- Problem: Write down the lines exactly as they appear, from the one that contains "Апартаменты Quartos Privativos" through the final line of the records, so that both ends are kept and no pictures come along.

- Supplied material:
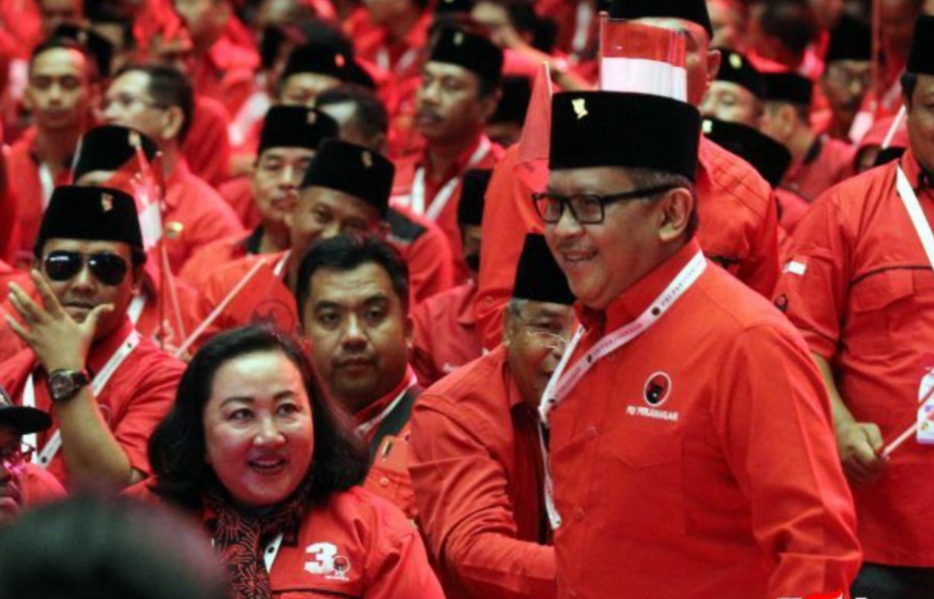 PDIP Soal Pertemuan Megawati dan Jokowi: Tanya Pak Ari!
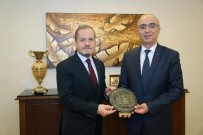 TÜRKOLOJI - Türk Dil Kurumu Başkanı Prof. Dr. Gülsevin Türkçe'nin Geleceğini Anlattı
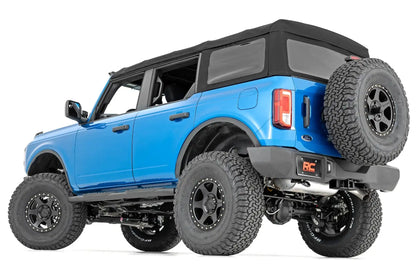 5 INCH LIFT KIT FORD BRONCO 4WD (2021-2023)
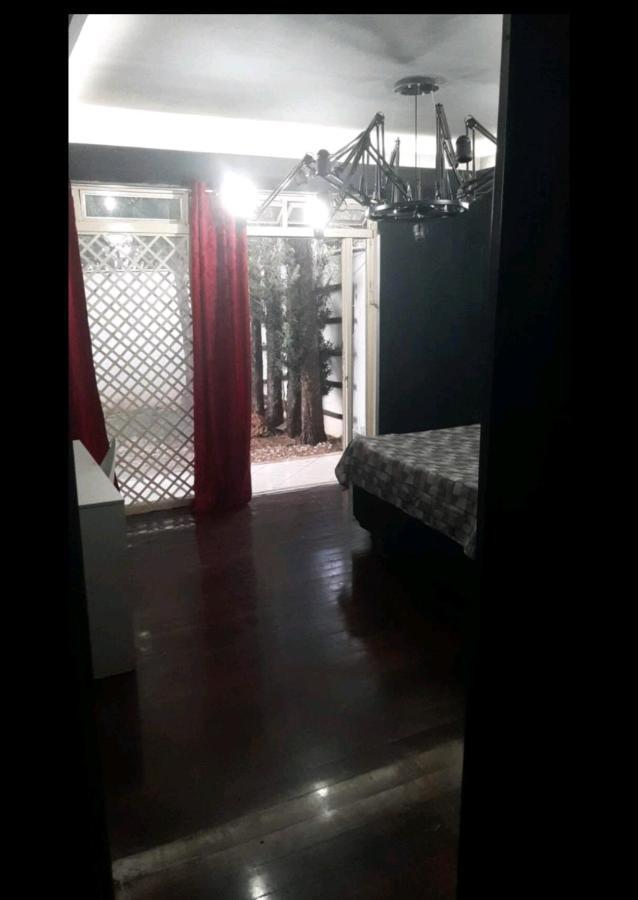 Апартаменты Quartos Privativos Marista Piscina Churrasqueira Гояния Экстерьер фото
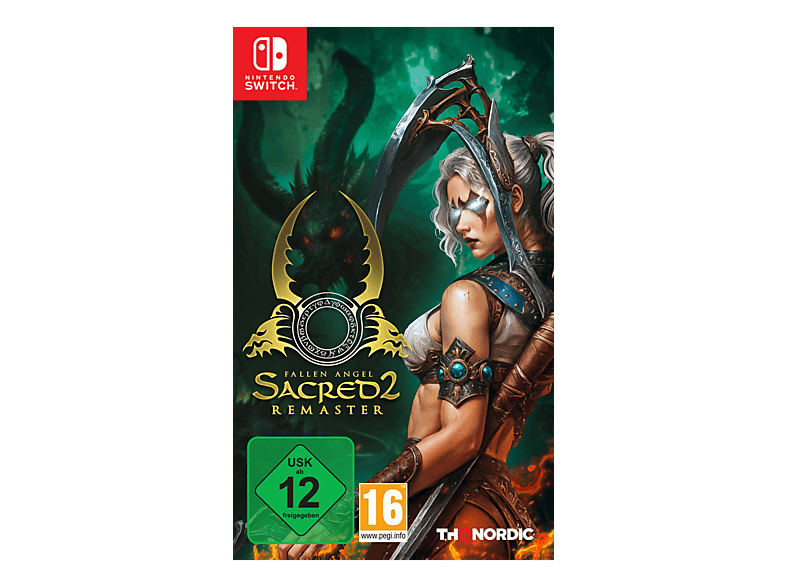 Sacred 2 Remaster - Nintendo Switch [Deutsch]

- Answer box:
 Апартаменты Quartos Privativos Marista Piscina Churrasqueira Гояния Экстерьер фото
 Sacred 2 Remaster - Nintendo Switch [Deutsch]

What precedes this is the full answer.